(Dataset extract):
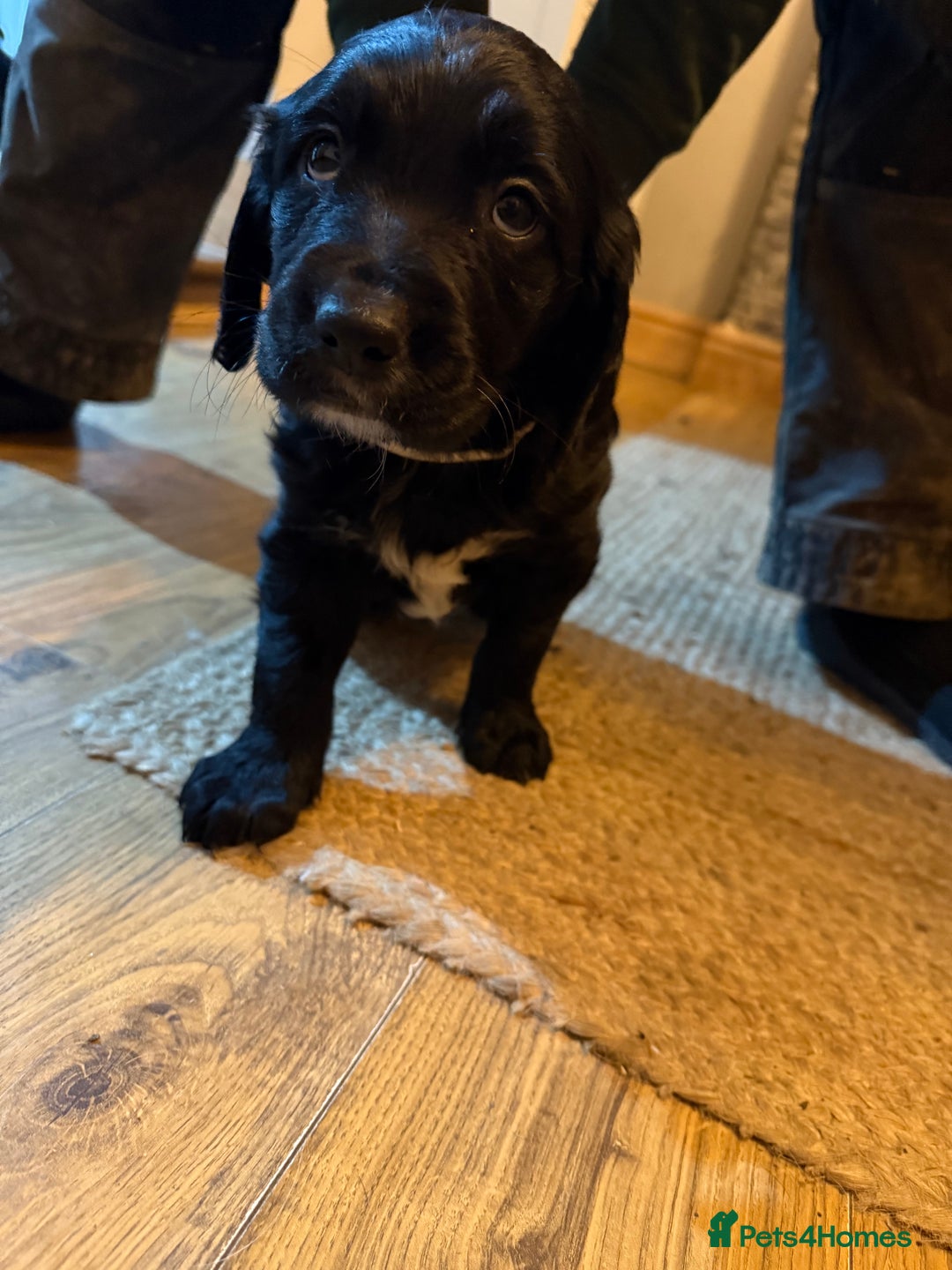 Mixed Breed dogs for sale: Golden Retriever cross Sprollies - Advert 12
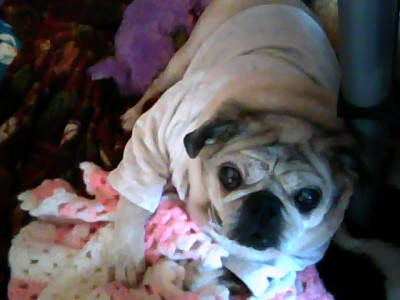 my darla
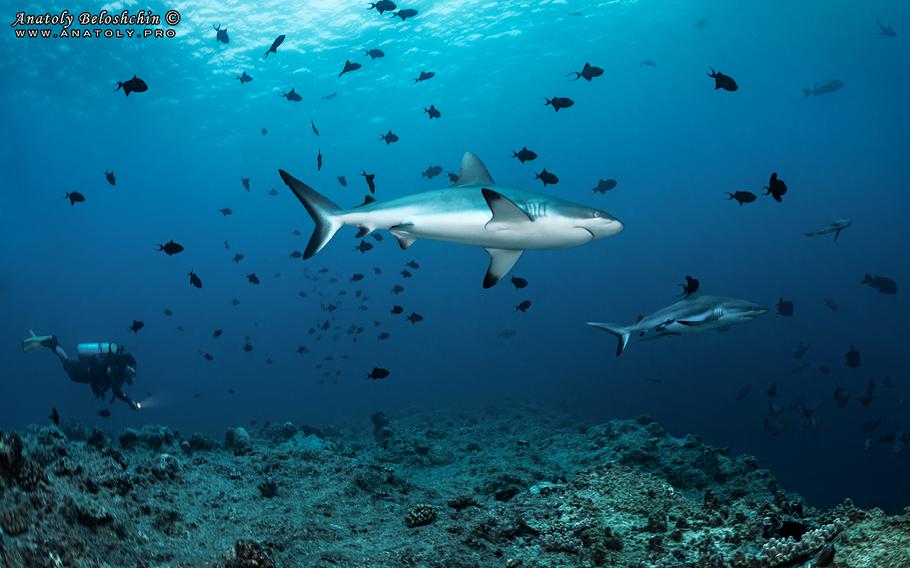 sharks swimming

(Exercise):
Only the text of the listing should be returned, exactly and in full; no image goes into the copy.

(Task output):
 Mixed Breed dogs for sale: Golden Retriever cross Sprollies - Advert 12
 my darla
 sharks swimming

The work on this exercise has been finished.